In the fifth and final loop before Rika calls it quits, Satoko wakes her up in bed as usual, but she has a heavy fever and hurts “all over”. Turns out she’s already dead right out of the gate—she just doesn’t know it yet. In this loop, Satoko is the neck-scratcher, and has already killed everyone else. The Oyashiro-sama in her head has told her the priestess-hood must pass from Rika to her.
What awful sin has caused Satoko to be compelled to disembowel a conscious Rika and hack away at her guts with a ceremonial staff? The simple reason that Rika wished and dreamed of leaving Hinamizawa, abandoning Oyashiro-sama and everyone she knows for a sophisticated life elsewhere. There is no greater sin for a priestess than to forsake their deity thus.
But before she dies, Rika expresses her sorrow and guilt and essentially begs for forgiveness, which Satoko is sure Oyashiro-sama will bestow upon her if she’s serious in her contriteness. The younger and older Rikas converse in an idealized Hinamizawa and wonder why their dreams ever strayed from the village. Then, as Satoko embraces her, hopeful that things will be better next time, Rika closes her pinky and snaps.

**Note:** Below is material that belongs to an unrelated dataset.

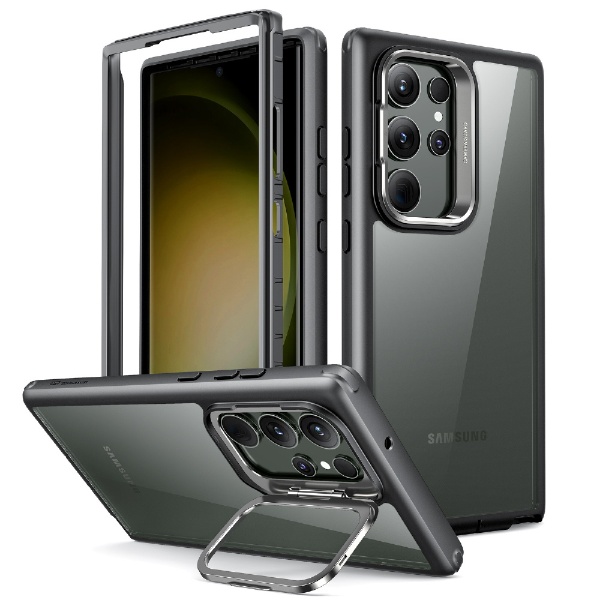 Galaxy S23Ultraカメラリングスタンド付きミリタリーグレードケース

Satoko wakes Rika up as usual, only this time outside. Rika’s guts are where they belong, inside her body, and the whole gang is in their bathing suits for a day of summer fun in the river. It’s Higurashi’s version of a beach episode, portraying the Sonozaki twins in bikinis and the other girls in school swimsuits.
As the sun goes down, Rika talks to Satoko about a realization she hand about two very long, very different dreams she was having. One dream was painful while she was liviing in it, but looking back knows it was full of “shining wonders”. In her other dream, she never noticed those wonders, and was punished for clinging to an “ungrateful” dream (the one where she leaves town for a fancy school).
Rika concludes by saying she loves Hinamizawa, and everyone in it, and Satoko, almost serving as a proxy to Oyashiro-sama, embraces her once more, glad to have heard Rika speak such words. With Rika no longer dreaming of being anywhere else, her curse is seemingly lifted. No one gets the neck itch, nobody kills or dies, and everyone watches her perform the Watanagashi dance.
Then Rika spots Tomitake wandering into the woods and she stops him to say something about her and Takano, only for Takano to emerge from the trees. She wants to talk to Rika too. I wonder what about, and if and how this latest loop, so ideal and peaceful so far, will suddenly go sideways.